Ellery se dirigió a la cocina, abrió el refrigerador y sacó una botella de leche y los tres emparedados que no se había comido la tarde anterior. Los devoró, con toda la leche, se secó la boca, bostezó, se estiró y se dirigió al teléfono.
—Buenos días, papá. ¿Quién ganó?
—¿Quién ganó qué? —inquirió el inspector Queen querelloso desde las Bermudas.

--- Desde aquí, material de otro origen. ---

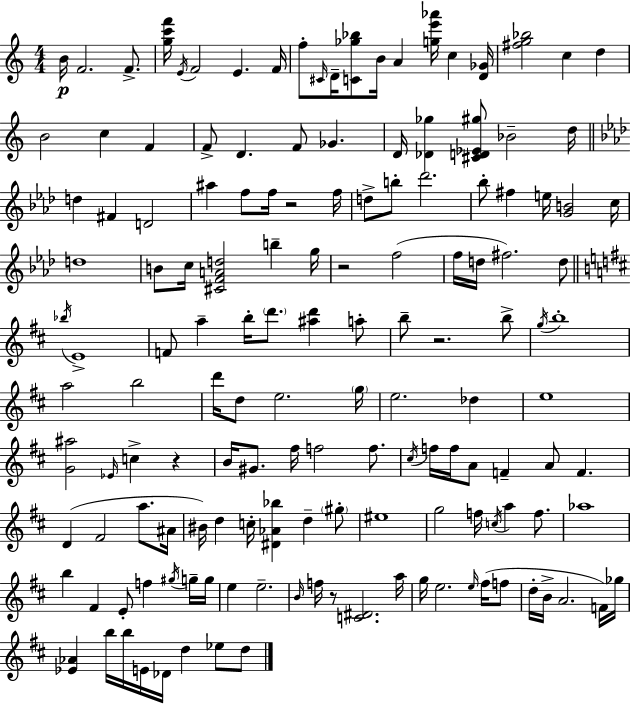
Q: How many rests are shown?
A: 5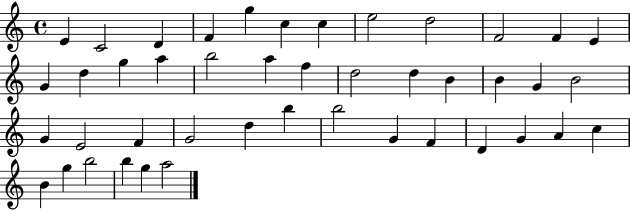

—El juego con las herraduras.
—Oh, eso. Me ganaron con herraduras preparadas. ¿Cómo está el tiempo en Nueva York? Horrible, espero.
—¿El tiempo? —Ellery miró hacia la ventana, pero las persianas venecianas estaban cerradas—. Si te he de decir la verdad, papá, no lo sé. Trabajé toda la noche.
—¡Y tú me enviaste acá a descansar! Hijo, ¿por qué no vienes a reunirte conmigo?
—No puedo. No se trata únicamente de este libro que he de terminar, sino que Grant Ames estuvo a verme ayer. Se bebió cuanto tenía de licor y me dejó un paquete.
—¡Oh! —comentó el inspector, reviviendo—. ¿Qué clase de paquete?
Ellery le dijo.
El viejo soltó una especie de ronquido de burla.
—¡Vaya con el asunto! Alguien te está jugando una broma. ¿Ya lo leíste?
—Unos cuantos capítulos. Debo confesar que está muy bien hecho. Fascinante, en realidad. Pero luego, viniendo de quién sabe de dónde, me llegó el relámpago y me regresé a la máquina de escribir. ¿Cómo esperas pasarte el día, papá?
—Friéndome en esta maldita playa, Ellery. Estoy tan aburrido que empiezo a morderme las uñas. Hijo, ¿no me permites que vuelva a la casa?
—Ni la menor probabilidad —le contestó Ellery—. Sigue friéndote. Te diré algo. ¿Cómo te agradaría leer un libro de Sherlock Holmes que no se ha publicado?
La voz del inspector Queen adquirió una nota de astucia.
—¡Ésa sí que es buena idea! Voy a llamar a la compañía de aviación para reservarme un asiento… puedo estar en Nueva York en muy poco tiempo…
—Eso sí que no. Te enviaré el manuscrito.
—¡Al cuerno con el manuscrito! —vociferó su padre.
—Hasta luego, papá —se despidió Ellery—. No se te olvide ponerte los anteojos oscuros en la playa.
Y cómete todo lo que te sirvan en tu plato.
Colgó apresuradamente, apenas a tiempo…
Consultó el reloj. Tenía el mismo aspecto sangriento de la máquina de escribir.
Se encaminó al cuarto de baño, tomó un regaderazo y regresó ya en pijama. Lo primero que hizo en su estudio fue desconectar el teléfono. Lo segundo fue apoderarse del diario del doctor Watson.
Me pondrá a dormir, se dijo para sí mismo, maliciosamente.